12 de Fevereiro de 2013 / às 14:08 / 5 anos atrás

China se junta aos EUA e condena Coreia do Norte por teste nuclear

Por David Chance e Jack Kim

Foto de arquivo do presidente norte-americano, Barack Obama, ao discursar na Casa Branca, em Washington. Obama faz nesta terça-feira seu discurso anual do Estado da União de olho no calendário político, quando ele corre contra o tempo para aprovar medidas que definam seu legado na Casa Branca. 05/02/2013 REUTERS/Kevin Lamarque

SEUL, 12 Fev (Reuters) - A Coreia do Norte realizou seu terceiro teste nuclear nesta terça-feira, desafiando as atuais resoluções das Nações Unidas e sendo condenada por todo o mundo, inclusive por sua única aliada importante, a China.

A Coreia do Norte disse que o teste foi um ato de defesa contra a “hostilidade dos Estados Unidos” e ameaçou novas medidas mais fortes, se necessário. Segundo a Coreia do Norte, o teste teve “maior força explosiva” do que os de 2006 e 2009.

“Se os EUA continuarem hostis e complicarem a situação, seremos forçados a tomar ações mais duras”, teria dito um porta-voz não identificado do Ministério das Relações Exteriores norte-coreano, que atua como voz oficial de Pyongyang para o mundo exterior, segundo a agência estatal de notícias KCNA.

O Conselho de Segurança da ONU “condenou fortemente” o teste nuclear e votou nesta terça-feira pela tomada de ação contra Pyongyang, disse o presidente do Conselho.

“Os membros do Conselho de Segurança condenam fortemente o teste, que é uma grave violação das resoluções do Conselho de Segurança”, disse o ministro de Relações Exteriores da Coreia do Sul, Kim Sung-hwan, que preside o Conselho neste mês, a jornalistas. Ele disse que o Conselho irá agora considerar “medidas apropriadas”.

A Coreia do Norte já é um dos países com mais sanções do mundo e tem poucas relações econômicas externas.
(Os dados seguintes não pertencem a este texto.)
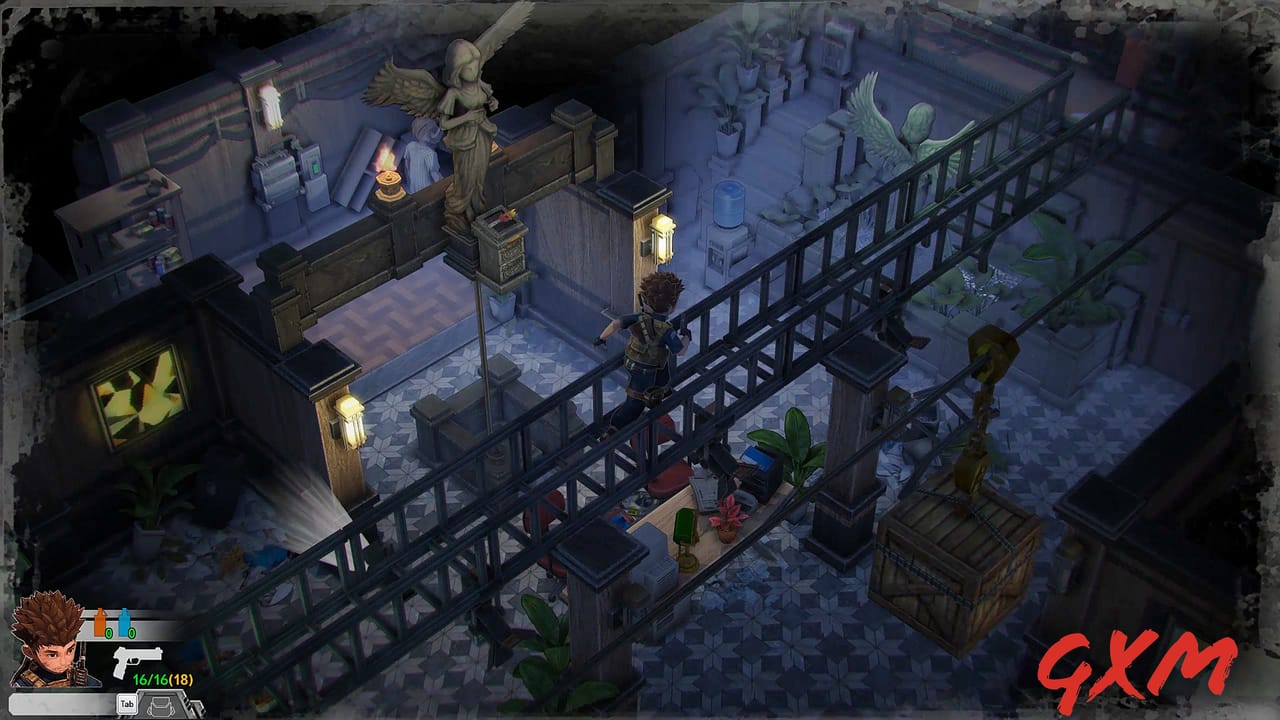 Screenshot 2 of Heaven Dust 2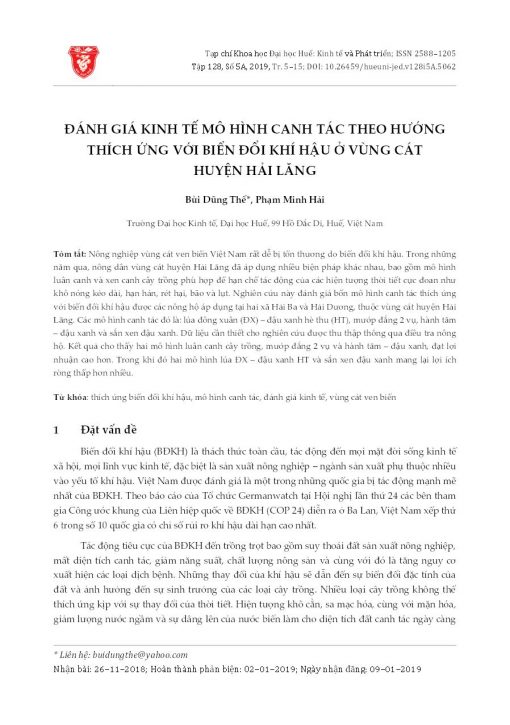 NCK271_Đánh Giá Kinh Tế Mô Hình Canh Tác Theo Hướng Thích Ứng Với Biển Đổi Khí Hậu Ở Vùng Cát Huyện Hải Lăng.pdf.pdf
O líder norte-coreano Kim Jong-un, o terceiro de sua linha para governar o país, acompanhou dois lançamentos de foguetes de longo alcance e um teste nuclear durante o seu primeiro ano no poder.

A China, que tem mostrado sinais de irritação crescente com o tom belicoso recente da Coreia do Norte, convocou o embaixador norte-coreano em Pequim e protestou com firmeza.

O ministro chinês das Relações Exteriores, Yang Jiechi, disse que a China está “fortemente insatisfeita e tem resoluta oposição” ao teste, e pediu que a Coreia do Norte “pare qualquer retórica ou atos que possam agravar a situação e volte ao caminho certo de diálogo e consulta o mais rápido possível”.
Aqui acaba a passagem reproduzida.